What needs to be done: Each line from the one containing "Endura Damen SingleTrack Trikot Endura" through the last line of the data below should be printed exactly, please, with any pictures omitted.

○ ○ ○

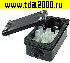 Корпус BOX-2 IP44 2pin CA10 6A/450V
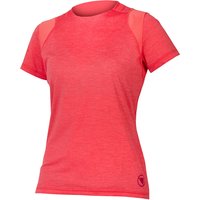Endura Damen SingleTrack Trikot Endura Damen SingleTrack Trikot von Endura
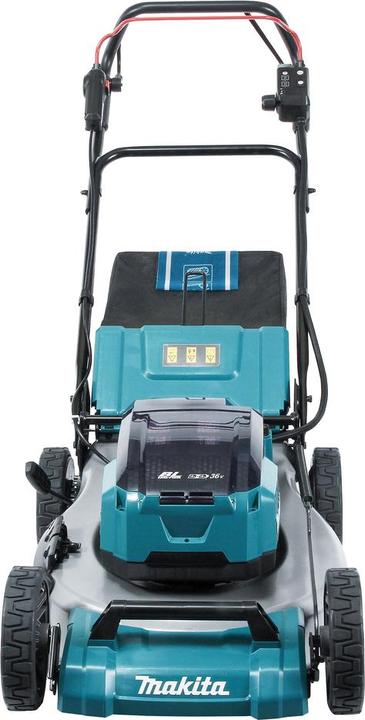 Image du produit Makita DLM536Z (Fonctionnement sur batterie)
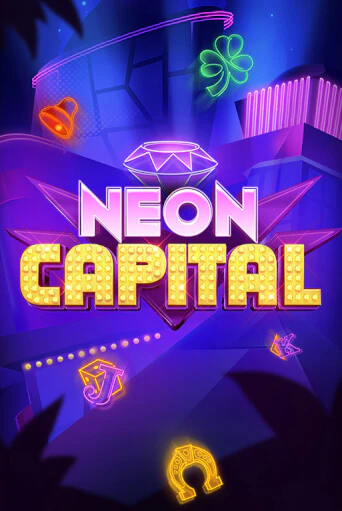 Neon Capital ига на фантики | MaxBet без риска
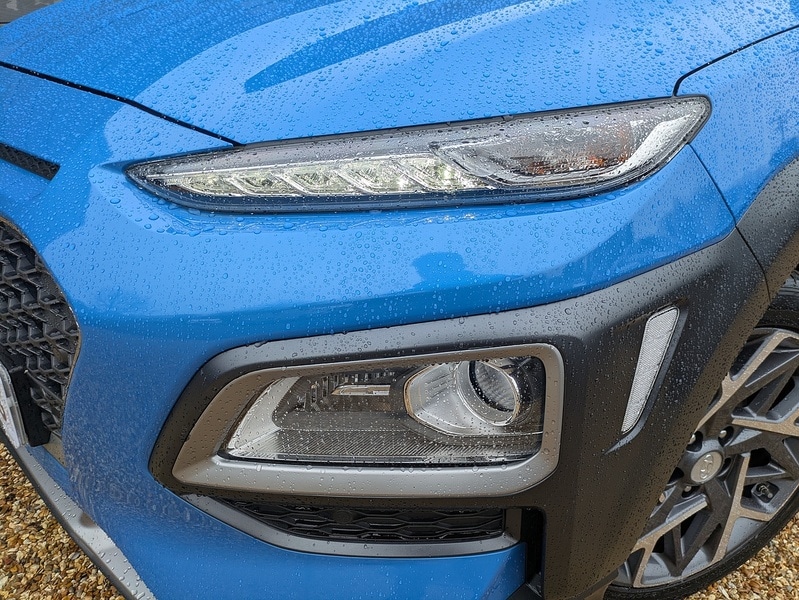 Used Hyundai KONA 2019 for sale - 77543650: Photo 32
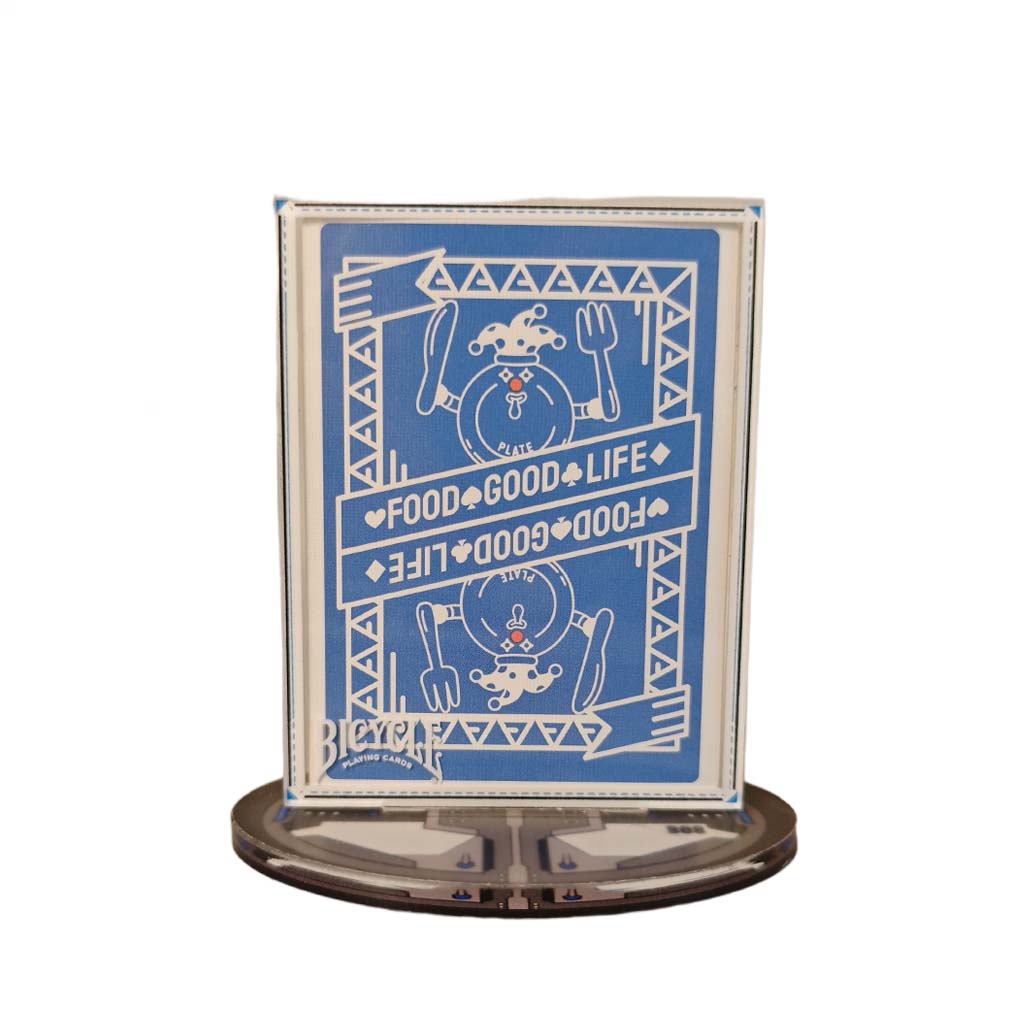 Bicycle Signboard（Cards not included）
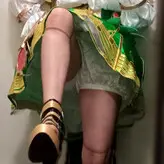 Anyacchi голая #0005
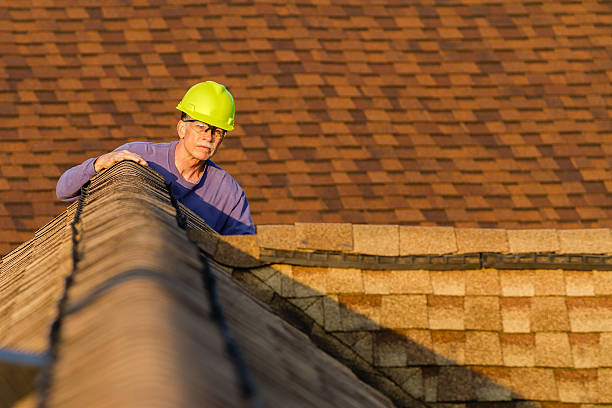 South Hill, VA Roofing Contractor Company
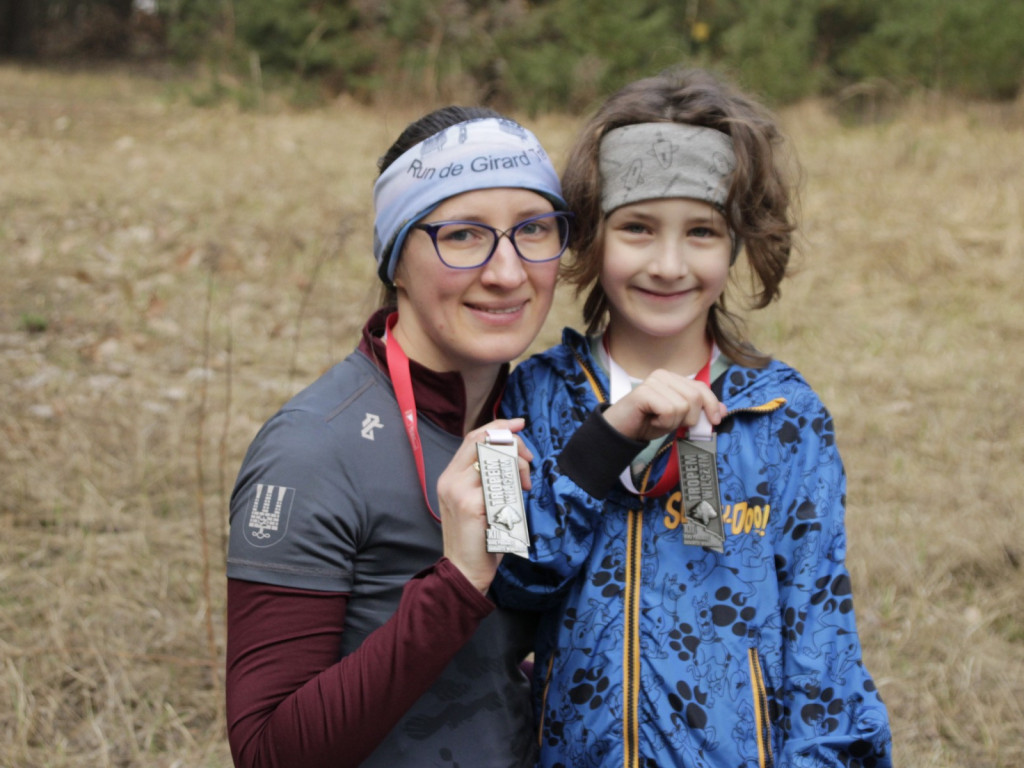 Rekordowa frekwencja i sportowe emocje na Biegu Tropem Wilczym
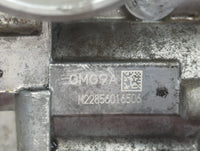 2016-2022 Honda Civic Throttle Body P/N:M22856016506 GMG9A Fits Fits 2016 2017 2018 2019 2020 2021 2022 OEM Used Auto Parts - Oemusedautoparts1.com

○ ○ ○

Answer section:
Endura Damen SingleTrack Trikot Endura Damen SingleTrack Trikot von Endura
 Image du produit Makita DLM536Z (Fonctionnement sur batterie)
 Neon Capital ига на фантики | MaxBet без риска
 Used Hyundai KONA 2019 for sale - 77543650: Photo 32
 Bicycle Signboard（Cards not included）
 Anyacchi голая #0005
 South Hill, VA Roofing Contractor Company
 Rekordowa frekwencja i sportowe emocje na Biegu Tropem Wilczym
 2016-2022 Honda Civic Throttle Body P/N:M22856016506 GMG9A Fits Fits 2016 2017 2018 2019 2020 2021 2022 OEM Used Auto Parts - Oemusedautoparts1.com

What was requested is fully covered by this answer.